Néanmoins, sans annihiler cette qualité, un examen plus attentif peut laisser plus circonspect. Car « L’Herbe tendre » parfois se fait plus aride, certaines positions redeviennent ambiguës et le cadrage serré, à bien y regarder, dévoile une part de dureté, de bizarrerie, d’obscénité presque. L’une des raisons tient sans doute au fait que dans le travail de Laurent Proux le personnage jamais ne figure une individualité identifiable et dotée d’un moi potentiel ; il parvient ici à donner à voir des corps qui ne sont pas vraiment des figures : des têtes qui in fine résistent à dessiner des visages. Assez stupéfiants, Tête dans l’herbe (n°5) et Tête dans l’herbe (n°1), comme éparpillés en de nombreux morceaux et libérés de toute possibilité de véracité physique, renouent avec ce que l’on a pu voir ailleurs qui relevait de l’informe ou du difforme, convoquant autant la fascination qu’un certain malaise. Corps et paysage ici se délitent pour se fondre dans une entité indéchiffrable : fragments de la mise en scène d’une réalité explosée car impossible à représenter ?

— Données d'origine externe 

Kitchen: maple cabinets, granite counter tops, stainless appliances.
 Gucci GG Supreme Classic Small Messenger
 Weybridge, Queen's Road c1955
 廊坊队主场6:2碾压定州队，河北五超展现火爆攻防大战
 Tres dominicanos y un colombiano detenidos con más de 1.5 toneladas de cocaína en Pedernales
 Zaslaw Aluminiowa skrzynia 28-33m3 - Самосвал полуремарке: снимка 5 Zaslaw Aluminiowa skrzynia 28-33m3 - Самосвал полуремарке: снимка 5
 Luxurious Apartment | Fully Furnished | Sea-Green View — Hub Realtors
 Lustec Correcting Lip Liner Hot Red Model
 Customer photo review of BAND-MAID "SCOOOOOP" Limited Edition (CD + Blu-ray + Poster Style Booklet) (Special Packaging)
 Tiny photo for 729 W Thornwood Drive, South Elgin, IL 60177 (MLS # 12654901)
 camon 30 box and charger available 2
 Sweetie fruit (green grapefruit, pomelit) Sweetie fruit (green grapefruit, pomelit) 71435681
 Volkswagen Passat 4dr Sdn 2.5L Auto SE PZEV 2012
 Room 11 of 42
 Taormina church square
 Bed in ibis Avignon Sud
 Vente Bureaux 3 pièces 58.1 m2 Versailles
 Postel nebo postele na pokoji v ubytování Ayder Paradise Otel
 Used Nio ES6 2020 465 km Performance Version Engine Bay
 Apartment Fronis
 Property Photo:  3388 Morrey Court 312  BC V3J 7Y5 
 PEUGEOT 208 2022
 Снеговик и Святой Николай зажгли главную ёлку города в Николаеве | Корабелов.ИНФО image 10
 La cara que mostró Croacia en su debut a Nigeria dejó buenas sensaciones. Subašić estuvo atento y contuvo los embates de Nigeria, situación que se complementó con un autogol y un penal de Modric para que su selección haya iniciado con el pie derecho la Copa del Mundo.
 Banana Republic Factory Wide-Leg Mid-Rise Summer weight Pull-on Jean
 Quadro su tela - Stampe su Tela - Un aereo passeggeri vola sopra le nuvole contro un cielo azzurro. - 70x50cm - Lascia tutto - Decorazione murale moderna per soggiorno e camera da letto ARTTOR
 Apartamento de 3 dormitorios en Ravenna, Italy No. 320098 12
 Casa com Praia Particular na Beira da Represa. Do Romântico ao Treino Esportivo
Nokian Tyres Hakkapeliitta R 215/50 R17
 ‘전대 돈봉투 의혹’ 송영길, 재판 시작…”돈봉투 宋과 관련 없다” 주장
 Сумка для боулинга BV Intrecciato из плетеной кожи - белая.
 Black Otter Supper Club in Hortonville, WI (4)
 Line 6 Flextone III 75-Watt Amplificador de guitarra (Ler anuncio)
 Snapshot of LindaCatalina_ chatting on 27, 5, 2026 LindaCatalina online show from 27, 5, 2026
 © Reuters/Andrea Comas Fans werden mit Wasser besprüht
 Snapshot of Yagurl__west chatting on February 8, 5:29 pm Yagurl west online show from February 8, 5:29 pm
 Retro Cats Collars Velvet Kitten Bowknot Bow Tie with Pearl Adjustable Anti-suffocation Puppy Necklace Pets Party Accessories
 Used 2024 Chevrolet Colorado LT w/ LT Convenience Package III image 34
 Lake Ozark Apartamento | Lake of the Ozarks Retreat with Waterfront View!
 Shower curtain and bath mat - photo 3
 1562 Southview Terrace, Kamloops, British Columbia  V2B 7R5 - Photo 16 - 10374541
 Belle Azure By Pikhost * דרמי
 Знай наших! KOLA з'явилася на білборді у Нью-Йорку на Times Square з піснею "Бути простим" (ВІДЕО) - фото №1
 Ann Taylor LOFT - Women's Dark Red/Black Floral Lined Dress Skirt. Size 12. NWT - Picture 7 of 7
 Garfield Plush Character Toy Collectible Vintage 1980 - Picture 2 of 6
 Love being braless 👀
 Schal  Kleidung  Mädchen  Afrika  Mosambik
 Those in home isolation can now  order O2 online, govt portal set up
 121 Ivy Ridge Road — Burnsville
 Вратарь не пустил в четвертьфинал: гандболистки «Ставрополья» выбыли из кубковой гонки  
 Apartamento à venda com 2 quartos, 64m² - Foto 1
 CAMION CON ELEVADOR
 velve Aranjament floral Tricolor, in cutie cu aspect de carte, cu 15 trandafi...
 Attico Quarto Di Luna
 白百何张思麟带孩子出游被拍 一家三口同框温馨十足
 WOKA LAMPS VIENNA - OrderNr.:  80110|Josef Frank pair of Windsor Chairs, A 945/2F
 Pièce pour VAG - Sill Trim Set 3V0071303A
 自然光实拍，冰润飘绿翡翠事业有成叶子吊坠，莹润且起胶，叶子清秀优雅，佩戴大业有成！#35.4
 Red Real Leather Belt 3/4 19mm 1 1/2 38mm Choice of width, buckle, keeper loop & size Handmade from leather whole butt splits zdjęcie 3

On y revient : bienvenue au Non-Stop Erotic Cabaret !

Frédéric Bonnet

Frédéric Bonnet est critique d’art et commissaire d’expositions indépendant basé à Paris. Il a contribué à des publications telles que Le Journal des Arts, Vogue France, L’Œil, Art Press…, et fut chroniqueur sur France Culture de 2011 à 2020. Parmi les expositions qu’il a organisées, mentionnons entre autres celles de Sheila Hicks au Bass Museum, Miami Beach (US) en 2019 et au Museo Amparo, Puebla, Mexico (MX) en 2017, d’AA Bronson et General Idea, à la galerie Esther Schipper à Berlin (DE) en 2018 et de General Idea au Musée d’art moderne de Paris (FR) et au musée des beaux-arts de l’Ontario, Toronto (CA) en 2011. Il est depuis 2013 membre du comité de sélection du Prix Jean-François Prat, dédié à la peinture émergente.

1 Entretien de l’auteur avec l’artiste, Pantin, le 06 février 2021.